About this task - Find the lines holding the string "Zwart" in the data, then copy all of them.

###

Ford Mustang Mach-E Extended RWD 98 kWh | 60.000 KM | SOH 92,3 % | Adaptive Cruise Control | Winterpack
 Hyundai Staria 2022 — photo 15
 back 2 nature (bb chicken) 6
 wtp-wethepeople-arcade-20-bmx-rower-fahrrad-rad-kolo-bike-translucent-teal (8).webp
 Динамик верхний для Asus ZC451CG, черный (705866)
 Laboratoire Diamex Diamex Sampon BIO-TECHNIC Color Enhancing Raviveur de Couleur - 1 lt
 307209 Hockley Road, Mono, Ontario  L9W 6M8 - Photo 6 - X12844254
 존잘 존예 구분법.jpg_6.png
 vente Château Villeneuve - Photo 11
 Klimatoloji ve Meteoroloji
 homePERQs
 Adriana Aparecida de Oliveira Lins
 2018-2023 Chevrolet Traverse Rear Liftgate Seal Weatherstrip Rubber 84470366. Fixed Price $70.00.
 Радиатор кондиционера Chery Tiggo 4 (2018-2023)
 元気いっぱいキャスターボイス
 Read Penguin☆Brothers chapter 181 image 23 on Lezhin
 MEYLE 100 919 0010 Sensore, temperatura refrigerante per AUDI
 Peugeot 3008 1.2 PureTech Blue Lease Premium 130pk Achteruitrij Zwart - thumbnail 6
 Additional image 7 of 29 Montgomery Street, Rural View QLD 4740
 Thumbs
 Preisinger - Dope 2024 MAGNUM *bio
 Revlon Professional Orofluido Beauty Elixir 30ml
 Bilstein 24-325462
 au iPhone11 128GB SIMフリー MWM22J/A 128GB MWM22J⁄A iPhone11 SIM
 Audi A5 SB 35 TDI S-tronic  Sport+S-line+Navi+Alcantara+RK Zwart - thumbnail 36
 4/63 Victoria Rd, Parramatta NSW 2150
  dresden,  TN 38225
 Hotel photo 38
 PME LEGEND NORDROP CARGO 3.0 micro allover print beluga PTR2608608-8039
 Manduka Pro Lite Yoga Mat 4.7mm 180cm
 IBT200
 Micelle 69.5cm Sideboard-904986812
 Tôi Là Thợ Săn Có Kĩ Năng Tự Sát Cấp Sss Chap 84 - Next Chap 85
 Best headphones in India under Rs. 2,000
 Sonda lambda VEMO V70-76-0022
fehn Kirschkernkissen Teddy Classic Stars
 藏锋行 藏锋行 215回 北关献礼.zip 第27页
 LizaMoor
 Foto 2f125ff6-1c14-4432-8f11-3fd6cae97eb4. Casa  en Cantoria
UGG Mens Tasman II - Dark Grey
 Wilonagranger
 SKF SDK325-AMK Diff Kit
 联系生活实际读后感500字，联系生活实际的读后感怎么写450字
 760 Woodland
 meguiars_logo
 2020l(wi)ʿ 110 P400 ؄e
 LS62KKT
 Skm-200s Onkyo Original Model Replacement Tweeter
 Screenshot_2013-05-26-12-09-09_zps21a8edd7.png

###

Completed task -
 Peugeot 3008 1.2 PureTech Blue Lease Premium 130pk Achteruitrij Zwart - thumbnail 6
 Audi A5 SB 35 TDI S-tronic  Sport+S-line+Navi+Alcantara+RK Zwart - thumbnail 36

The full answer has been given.